Everything went fine for Batch #1-5. [Yay, me!] Just two more to go. And Nancy, the host of this soiree, said one batch was actually for me to take home, so I figured if I screwed up Batch #7, it was no great loss, right? I put Batch #6 into the oven and decided 12 minutes was plenty of time for me to check my e-mail really quickly.

Mistake #1. A minute of e-mail time turns into several minutes of blogging and then I remember the cookies. In my little cooking-challenged brain, I thought, “The timer will have gone off; the cookies might cook awhile longer in the residual heat, but the oven isn’t still actually on, right?”

Misguided Notion #1. It dawns on me at this point that the timer doesn’t actually turn the stove off; it’s simply an indicator to take your creation out of the oven. Duh. Yes, I’m sure that deep down I knew this fact. Fortunately, no smoke detector had gone off and the kitchen wasn’t overcome by noxious fumes yet, either (although I did see a tad bit of heat rising from the top of the oven).

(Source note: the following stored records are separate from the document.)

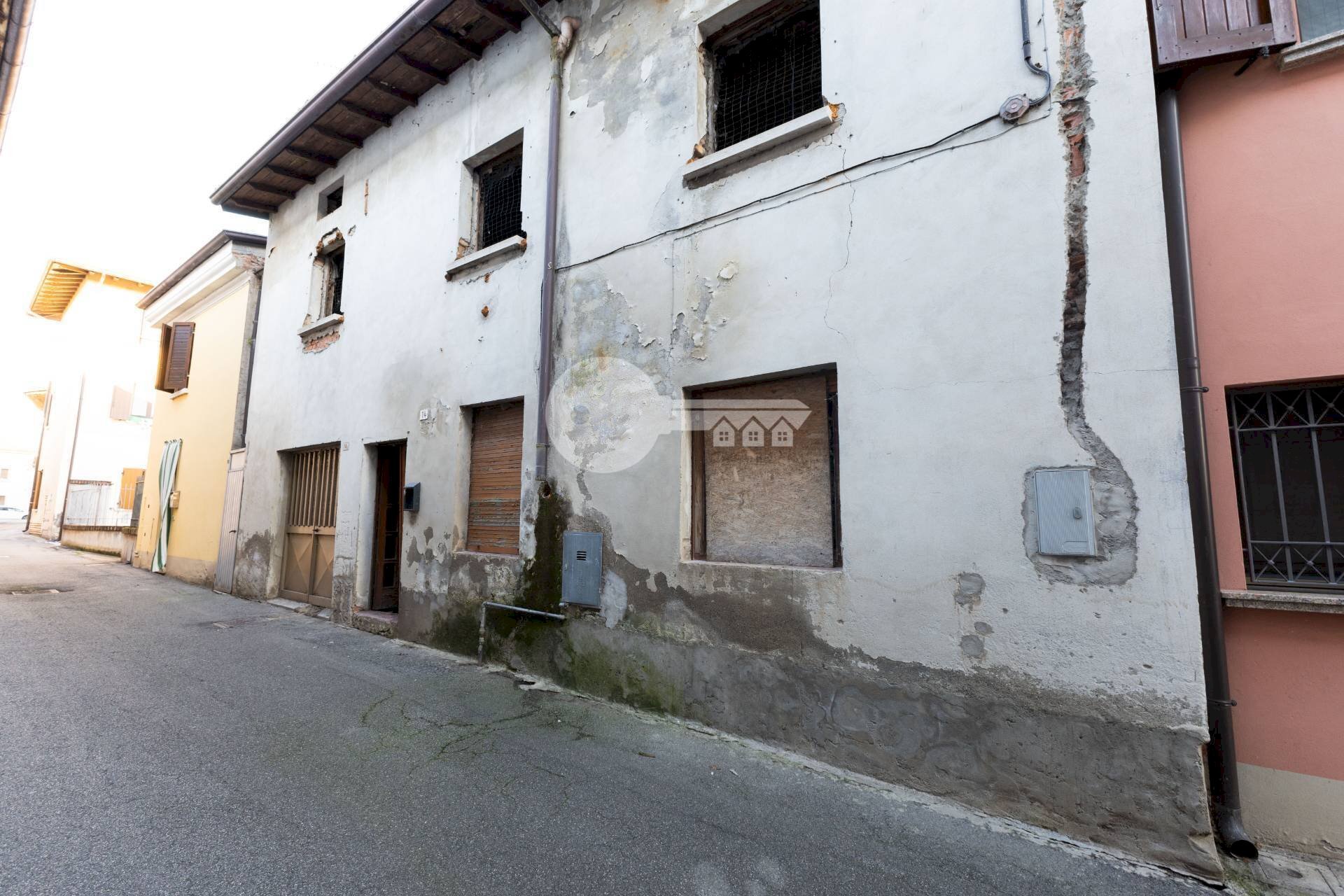 Foto 3 - Casa indipendente Via Trento
 
16, Gottolengo - foto 3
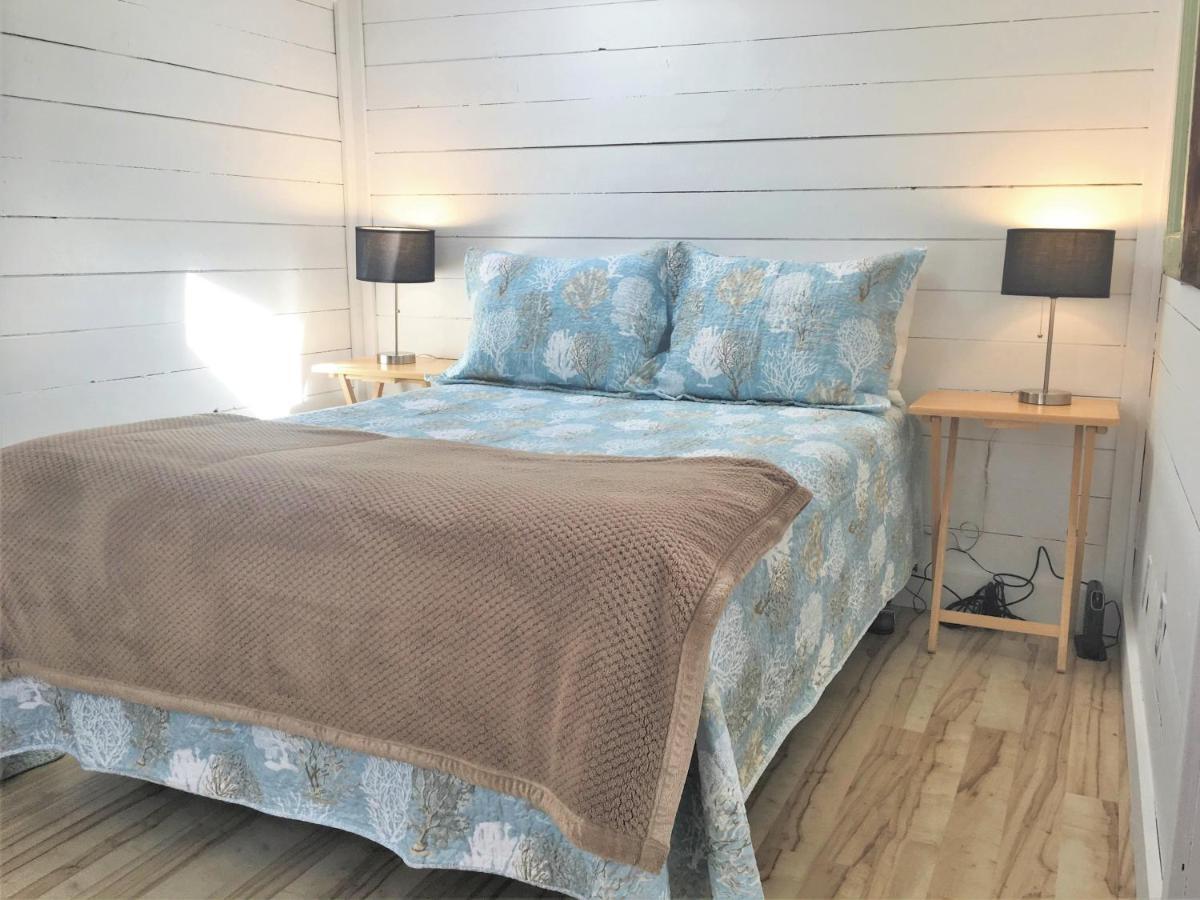هاليفاكس Larinda'S Landing Oceanfront Cottages المظهر الخارجي الصورة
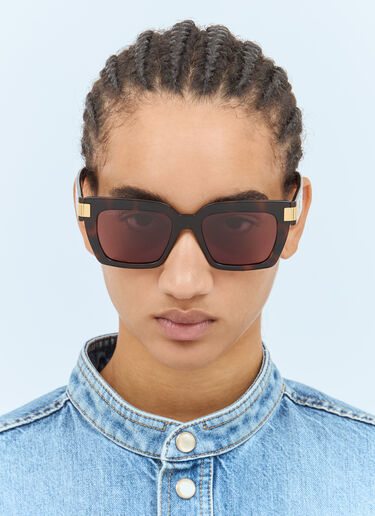 Gucci キャットアイフレームサングラス ブラウン gus0257006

I opened the door and saw the blackest cookies I have ever seen. Rock hard and black as coal. Culinary weapons, they were, like throwing stars straight out of a Bond flick. So, what was I, a guest at the “7 dozen, please” cookie exchange party, to do? I had to make another two batches from scratch. Lesson learned, I stayed put for the next 24 minutes, monitoring them diligently.

I toted my 84 cookies to the exchange, made some new friends, and let my host’s husband have my batch of oatmeal cookies. I don’t want to see oatmeal cookies ever again. What did I learn from this little experience?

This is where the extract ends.